La ganadora del Gran Premio del Jurado del pasado Festival de Cannes, 120 pulsaciones por minutos, es el tercer largometraje del director Robin Campillo quien construye, a través sus memorias, la lucha por los derechos de los enfermos de sida que impulsó la asociación Act Up París al principio de los noventa.
Antes de tener un nombre, el sida ya tenía una voz. Antes de que hubiera tratamiento, había una ideología. El activismo para visibilizar la pandemia del sida revolucionó la forma en la que el mundo entiende la salud. Sus activistas demostraron, con mucha imaginación y poca ayuda del estado, cómo llevar a cabo la lucha por una mejor salud, igualdad social y jurídica. El film de Campillo recrea estas vivencias y, al mismo tiempo, es un ejercicio contra el olvido.
Dentro de la industria cinematográfica, el sida se ha tratado poco y, muchas veces, desde una mirada errónea o una buena intención que no ocultaba algún modo de estigmatización. Se evade completamente la connotación política y el aspecto social que representa la enfermedad dentro de la sociedad. Es por eso que es gratificante observar el planteo de 120 pulsaciones por minuto.
La cinta utiliza la asimilación, la familiarización y la aceptación de la muerte como centro argumental. Pero su principal valor nace al abordar la vida política de los jóvenes, quienes nos interrogan como sociedad, no sólo en lo que respecta al sida y la función estatal, sino también acerca de nuestras propias concepciones sobre conciencia social.

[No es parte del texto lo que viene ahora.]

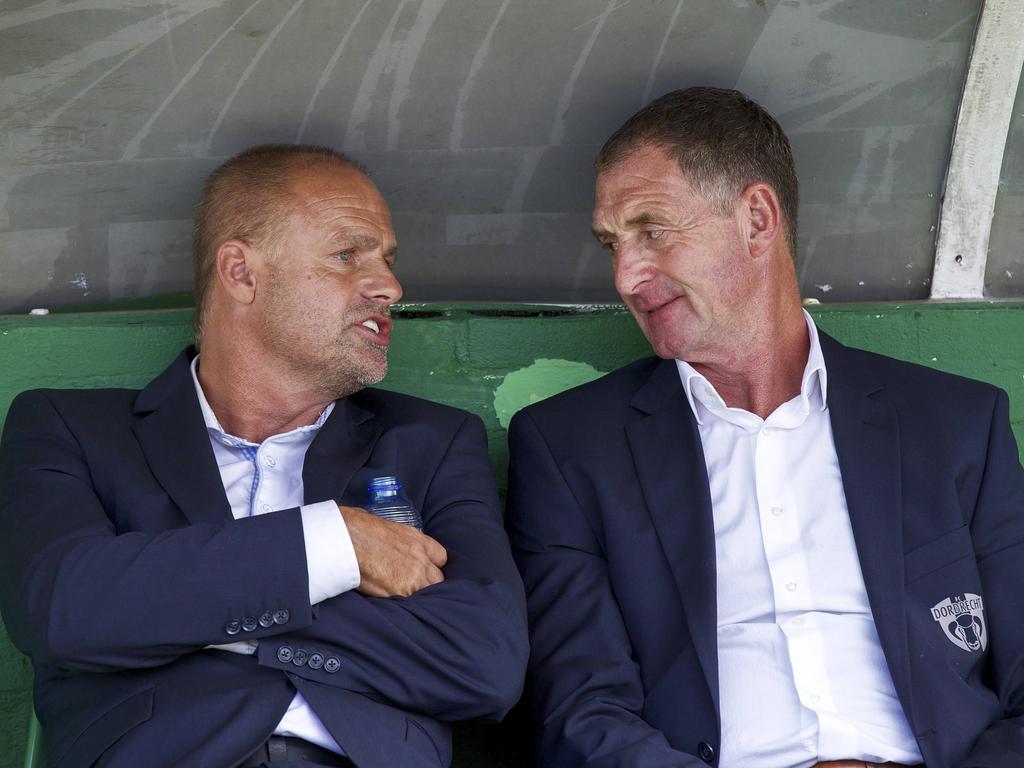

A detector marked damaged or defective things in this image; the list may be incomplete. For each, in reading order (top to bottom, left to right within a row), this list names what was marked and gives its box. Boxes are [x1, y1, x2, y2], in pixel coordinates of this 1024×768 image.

El film se sumerge en París durante los noventa, donde la vida cotidiana del homosexual estaba condicionada por el miedo. Miedo a la exclusión, al odio y, por sobre todas las cosas, al sida que representaba nada menos que la muerte. Campillo, narra la historia de lucha de un grupo de jóvenes activistas de Act Up París, quienes buscaban concientizar a la población francesa sobre la enfermedad, además de pedir respuestas al gobierno.
Si bien engloba varias subtramas dentro de los activistas del grupo, hace foco, principalmente, en Sean (Nahuel Pérez Biscayart) y Nathan (Arnaud Valois). Nathan es nuevo en el grupo y es allí donde encuentra a Sean e inmediatamente queda hipnotizado con sus argumentos y su forma de expresarse. Este vínculo se va transformando en lo central del film obviando, en cierta forma, todo el movimiento político y las protestas para contemplar el deterioro físico de uno de ellos.